Parenting

Ask Scary Mommy: My MIL Won't Stop Nagging Me About What We Feed Our Kids

by Cassandra Stone
Steve Wisbauer/Getty

Ask Scary Mommy is Scary Mommy’s advice column, where our team of “experts” answers all the questions you have about life, love, body image, friends, parenting, and anything else that’s confusing you.

This week… How do you handle it when your mother-in-law constantly criticizes and questions what you feed your kids? Have your own questions? Email advice@scarymommy.com

Dear Scary Mommy,

My mother-in-law lives nearby, and she’s recently retired, so we see her a few times a week. My husband and I are currently working from home, so she comes over to “help” with the kids, who are 7 and 5. She’s always been overbearing but I’ve grown used to it and don’t take it personally. But that’s kinda starting to change, because now that we’re seeing more of her, she’s seeing more of our meal routines–which includes hurried meals, lots of snacks that come from boxes, quick AF lunches, juice boxes, etc. We cook balanced meals, too, but we’re also working full time and dealing with homeschooling; we don’t have time to play Ina Garten every day. She throws a fit over our lack of fresh produce, scolds me for not buying organic vegetables from Whole Foods, gives me side-eye over Capri Suns, and basically won’t shut up about it. Worth noting that she’s always “watching” what she eats and talks about that endlessly. What do I say? How can I get her to stop doing this? It’s annoying mostly, but I also don’t want my kids to have a weird complex about the food they eat.

She’s projecting her own food issues onto your family whether she realizes it or not. What does she “watch” her food do? Not go into her mouth? Grow cold while she agonizes about eating it? If so, that’s disordered eating and that’s her struggle, not yours. And it doesn’t need to be your kids’ struggle, either. People with disordered eating habits who, like most of us, have fallen victim to diet culture deserve empathy and grace. People who project those issues onto others via criticism, judgment disguised as “concern,” and bullying deserve to be put in their place about it.

The next time she side-eyes your Pacific Cooler-loving kids, you can say something as simple as “Helen, this is what they drink at lunch. They’re not bonging it, they’re enjoying a delicious drink with their meal. They drink plenty of water, but it’s not my job to justify that to you. You can let us all eat the way we eat or you can stay home during meal and snack times.”
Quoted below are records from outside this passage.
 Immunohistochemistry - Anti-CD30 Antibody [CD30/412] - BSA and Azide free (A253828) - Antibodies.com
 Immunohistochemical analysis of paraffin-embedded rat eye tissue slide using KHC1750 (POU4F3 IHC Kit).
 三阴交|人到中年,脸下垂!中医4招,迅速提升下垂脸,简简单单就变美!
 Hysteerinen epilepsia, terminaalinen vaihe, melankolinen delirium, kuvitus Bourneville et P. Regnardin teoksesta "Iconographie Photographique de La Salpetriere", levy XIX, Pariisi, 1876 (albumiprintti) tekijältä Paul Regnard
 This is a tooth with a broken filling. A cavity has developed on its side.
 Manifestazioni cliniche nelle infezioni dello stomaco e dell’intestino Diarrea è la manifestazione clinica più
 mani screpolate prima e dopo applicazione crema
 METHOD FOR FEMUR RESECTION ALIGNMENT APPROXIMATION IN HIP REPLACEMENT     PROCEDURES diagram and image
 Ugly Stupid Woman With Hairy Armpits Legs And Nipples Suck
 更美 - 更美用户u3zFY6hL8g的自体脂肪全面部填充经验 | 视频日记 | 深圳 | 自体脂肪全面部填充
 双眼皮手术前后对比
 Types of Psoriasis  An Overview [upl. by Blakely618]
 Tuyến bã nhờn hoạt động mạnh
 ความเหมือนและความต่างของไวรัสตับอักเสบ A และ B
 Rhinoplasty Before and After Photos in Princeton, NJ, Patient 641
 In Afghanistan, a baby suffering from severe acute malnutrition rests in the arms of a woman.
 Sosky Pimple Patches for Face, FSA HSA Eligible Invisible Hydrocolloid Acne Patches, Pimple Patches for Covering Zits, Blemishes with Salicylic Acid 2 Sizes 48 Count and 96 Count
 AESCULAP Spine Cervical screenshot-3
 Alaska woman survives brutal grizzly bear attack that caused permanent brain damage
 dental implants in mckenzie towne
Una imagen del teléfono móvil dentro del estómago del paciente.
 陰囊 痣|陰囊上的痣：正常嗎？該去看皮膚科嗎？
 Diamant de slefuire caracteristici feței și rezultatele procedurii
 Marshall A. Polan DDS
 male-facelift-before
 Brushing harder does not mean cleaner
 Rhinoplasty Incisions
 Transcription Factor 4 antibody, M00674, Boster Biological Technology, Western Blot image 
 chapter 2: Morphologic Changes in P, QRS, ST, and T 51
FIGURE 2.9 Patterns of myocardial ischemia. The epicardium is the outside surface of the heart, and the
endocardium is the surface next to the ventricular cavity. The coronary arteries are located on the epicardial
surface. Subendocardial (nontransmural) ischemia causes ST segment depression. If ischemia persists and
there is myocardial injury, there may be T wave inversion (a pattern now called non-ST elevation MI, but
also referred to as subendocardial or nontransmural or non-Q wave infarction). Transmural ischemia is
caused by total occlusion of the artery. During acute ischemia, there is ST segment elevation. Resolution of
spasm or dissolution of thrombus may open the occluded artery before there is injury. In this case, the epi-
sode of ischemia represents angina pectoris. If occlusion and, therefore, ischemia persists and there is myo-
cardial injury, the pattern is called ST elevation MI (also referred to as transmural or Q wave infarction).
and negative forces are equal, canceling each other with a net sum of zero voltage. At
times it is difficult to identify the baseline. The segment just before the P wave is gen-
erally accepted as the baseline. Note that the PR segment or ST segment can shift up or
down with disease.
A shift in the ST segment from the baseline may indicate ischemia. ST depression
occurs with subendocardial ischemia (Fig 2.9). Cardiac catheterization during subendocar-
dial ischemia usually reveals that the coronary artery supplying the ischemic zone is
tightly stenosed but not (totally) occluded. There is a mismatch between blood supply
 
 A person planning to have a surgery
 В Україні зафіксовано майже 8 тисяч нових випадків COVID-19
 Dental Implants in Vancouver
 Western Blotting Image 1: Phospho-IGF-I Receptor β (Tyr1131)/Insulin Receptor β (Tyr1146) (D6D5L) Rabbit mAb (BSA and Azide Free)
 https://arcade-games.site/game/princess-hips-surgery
I’m glad it seems like you don’t feel the need to police what your kids eat. Organic produce is expensive AF, and people who can afford to shop at places like Whole Foods regularly for an entire family are not getting into heaven any faster than those of us who do a half-assed Walmart pickup. There are no prizes for pesticide-free carrot-eating versus Juicy Juice and Teddy Grahams.

If she continues to be critical about food, especially in front of the kids, you and your husband need to figure out what an appropriate boundary looks like for your family and Grandma. You can’t allow her issues with food morality to get absorbed by your kids. You cannot control diet culture or how they’ll be exposed to it elsewhere in society, but you can control this.